- **ASSIGNMENT**
Excerpt from the entries below: please repeat exactly the lines from the one containing "Apartment in Bury, Rainsough, Heaton" through the last one, both ends included, with no pictures.

[Data excerpts]
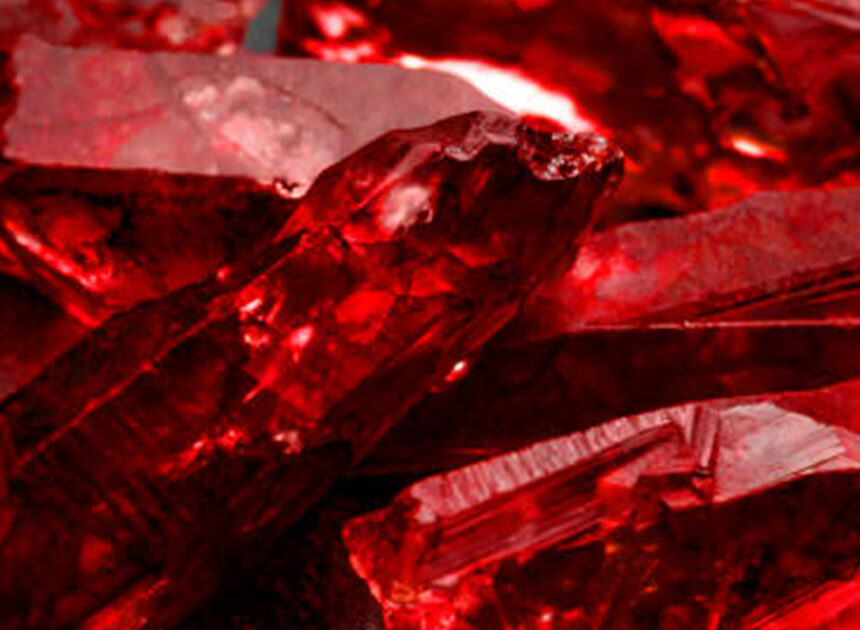 Moçambique realiza primeiro leilão de rubis e coríndon em Nacala – O País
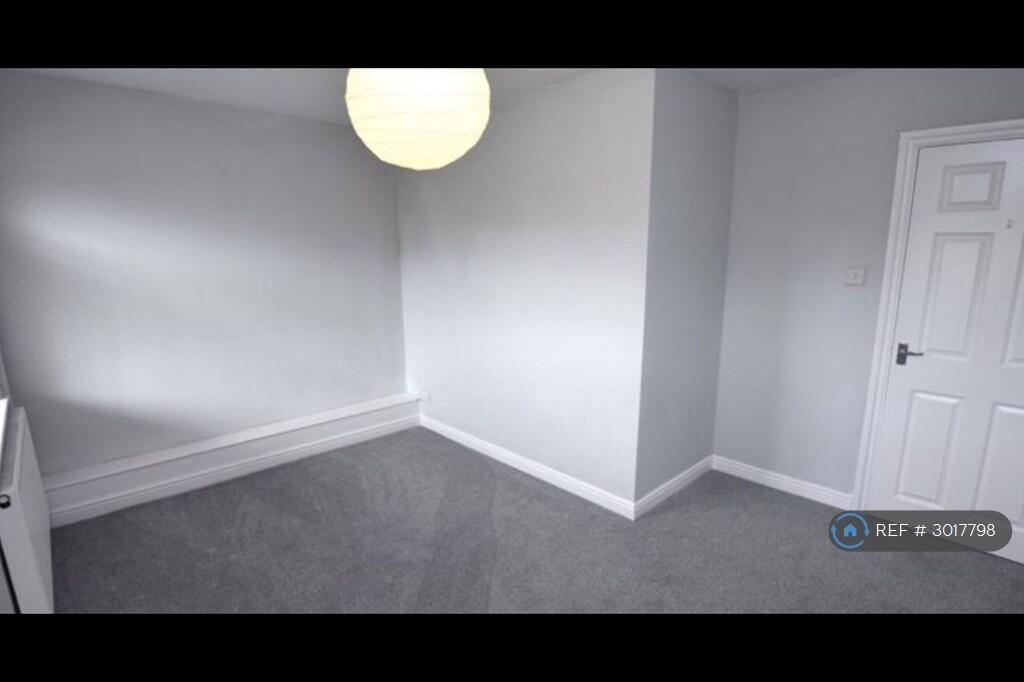 Apartment in Bury, Rainsough, Heaton Park - View 2
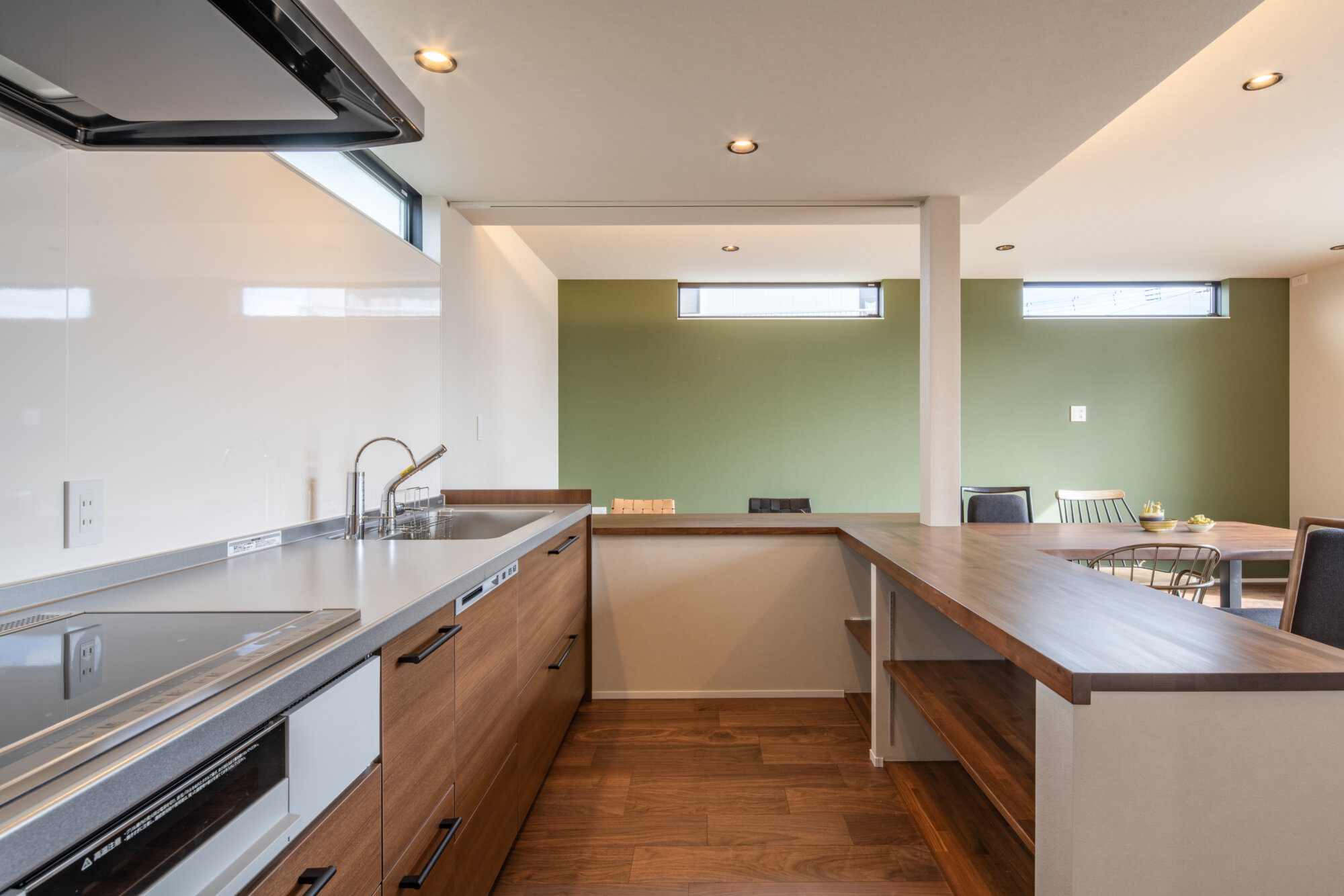 3つの高窓が配置されたキッチンダイニング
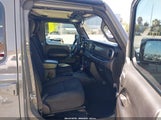 Jeep Wrangler Unlimited Willys Sport 4X4 1C4HJXDG0MW692859 снимка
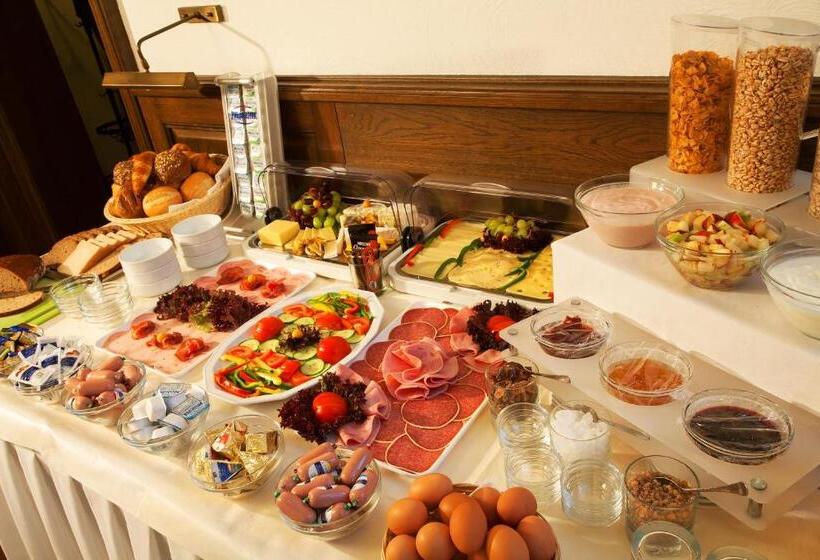اتاق استاندارد یک نفره, Ritter St. Georg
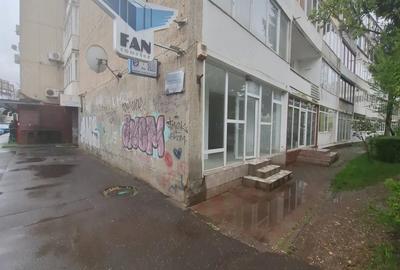 Spațiu comercial, de 55 mp, în Central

- **TASK SOLUTION**
 Apartment in Bury, Rainsough, Heaton Park - View 2
 3つの高窓が配置されたキッチンダイニング
 Jeep Wrangler Unlimited Willys Sport 4X4 1C4HJXDG0MW692859 снимка
اتاق استاندارد یک نفره, Ritter St. Georg
 Spațiu comercial, de 55 mp, în Central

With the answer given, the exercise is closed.